Problem statement: Transcribe exactly, and only, the lines from the one containing "Fig. 50 - Linked Information System" through the end of the material.

Raw data:
- Opening Delimiter -

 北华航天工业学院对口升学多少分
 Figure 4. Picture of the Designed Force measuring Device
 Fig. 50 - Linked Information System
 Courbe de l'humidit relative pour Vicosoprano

- Closing Delimiter -

Exercise response:
 Fig. 50 - Linked Information System
 Courbe de l'humidit relative pour Vicosoprano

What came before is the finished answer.